PESCARA – Il Partito democratico si mobilita a livello regionale e nazionale per fare in modo che l’Abruzzo e l’Italia siano parte attiva nel processo di costituzione della Macroregione Adriatico-Ionica e a questo scopo il partito ha presentato una mozione al Senato, promossa dal senatore Giovanni Legnini, e firmata da molti altri, e una risoluzione in Consiglio regionale.
La stessa strada sarà seguita anche alla Camera dei deputati, ha annunciato Lanfranco Tenaglia, e per quanto riguarda l’Abruzzo sarà chiesta la convocazione di una seduta straordinaria del Consiglio regionale.
“Il Pd – ha detto in conferenza stampa Legnini – vuole porre questo tema come prioritario, trattandosi di una questione di enorme rilievo di cui il Parlamento non ha mai discusso e sulla quale non ha mai assunto decisioni”.
“La Macroregione – ha commentato – è un grande spazio dello sviluppo futuro che vede coinvolti otto Paesi. Noi chiediamo di accelerare il passo perché è fresco il primo atto formale della Macroregione.
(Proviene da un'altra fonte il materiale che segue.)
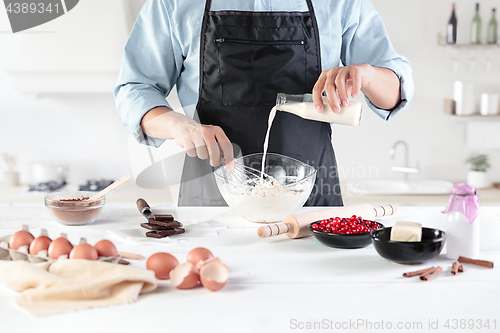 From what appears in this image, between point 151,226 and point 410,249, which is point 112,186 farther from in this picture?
point 410,249

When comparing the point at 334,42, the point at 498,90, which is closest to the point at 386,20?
the point at 498,90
L’11 ottobre, a Bruxelles è stato approvato dal comitato delle regioni il parere sul riconoscimento della Macroregione Adriatico Ionica che dovrà avvenire entro il 2014. Chiediamo quindi di attivare un’azione concreta perché siamo in ritardo e bisogna come prima cosa ridefinire alcuni temi, relativi a infrastrutture, politica energetica, politiche turistiche, gestione intelligente delle delocalizzazioni produttive, gestione dei flussi migratori”.
“Noi – ha concluso – possiamo essere la terza Macroregione europea e il Pd punta in questo momento a strutturarla”.
“Se questo treno passa per il Danubio – ha detto Tenaglia – per noi o non passa o passerà piu’ tardi”.